Now, Grandview Klein Diamonds, a diamond manufacturer that has partnered with De Beers to bring the Origin experience to retailers around the country, is poised to introduce the program to a wider swath of the high-end jewelry community at Luxury, which opens May 27.

Last August, Grandview Klein gathered roughly 15 high-end retailers—many of them authorized dealers for Rolex and Patek Philippe, including J.R. Dunn in South Florida, London Jewelers on Long Island, and Razny Jewelers in Chicago—to preview the Origin program.

“We’re trying to sell diamonds a completely different way,” says Moshe Klein, president of Grandview Klein Diamonds. “It’s no longer about price. That’s the only way the diamond industry will survive. And it’s why we picked Rolex and Patek dealers mostly—because they’re used to selling branded products. With a branded product, you don’t talk about price. Price is the last discussion.”
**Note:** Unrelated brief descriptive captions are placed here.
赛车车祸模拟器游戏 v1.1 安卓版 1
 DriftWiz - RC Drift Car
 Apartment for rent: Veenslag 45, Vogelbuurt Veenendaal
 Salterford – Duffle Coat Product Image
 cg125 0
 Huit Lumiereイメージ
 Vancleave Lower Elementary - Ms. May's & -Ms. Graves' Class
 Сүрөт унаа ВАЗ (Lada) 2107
The program, Klein notes, is retailer-focused by design—and built around the counter experience. “It gives the customer a really cool experience about the diamond—everything from how many billions of years old it is, which part of the mine it was found in, how deep it was found, what year it was found, which country it came from,” he says. “Then we talk about how unique every diamond is.”

To qualify for Grandview Klein’s program, polished diamonds must weigh 30 points or more and must have been sourced from De Beers Group mines in Botswana, Namibia, or South Africa—the three countries where Grandview Klein maintains cutting facilities.

Grandview Klein Origin Diamonds app
Consumers can access information about their Origin diamond by scanning a QR code.

Each Origin diamond comes with a QR code that gives consumers access to a wealth of information well beyond the 4Cs. In addition to basics like carat weight and color, customers learn about their stone’s symmetry; its “birthmarks,” or minute crystals that affect clarity; and its rarity score. They also learn where the diamond was mined, how old it is, and the community impact of their purchase.

“Customers will have videos of the cutters talking about how it impacted them personally—for their lives, for their job, for their family,” Klein says. “It’s something fresh at the counter. When they see it, nobody’s asking, ‘How much is it?’ They’re like, ‘Wow, I didn’t know how rare diamonds were.’ It’s telling the story of the diamond the way it’s supposed to be told. With lab diamonds and everything else going on right now, this is a very nice differentiator.”

Klein is careful to note that Origin is not a brand. “We don’t want to dictate to the retailer, ‘You have to do this, you have to do that.’ We want this to be an ingredient for the brand of the store.”

The program, he says, is deliberately flexible, especially when it comes to the way the stones are set and marketed (via a robust co-op program, he adds).

“We give retailers complete freedom to do however they see fit, because they know their market and their customer better than I or De Beers ever will,” Klein says. “We’re just arming them with the right tools and the right story—the story today’s consumer wants when they buy a car, a Chanel bag, or a timepiece at Rolex or Patek. They’re used to this.”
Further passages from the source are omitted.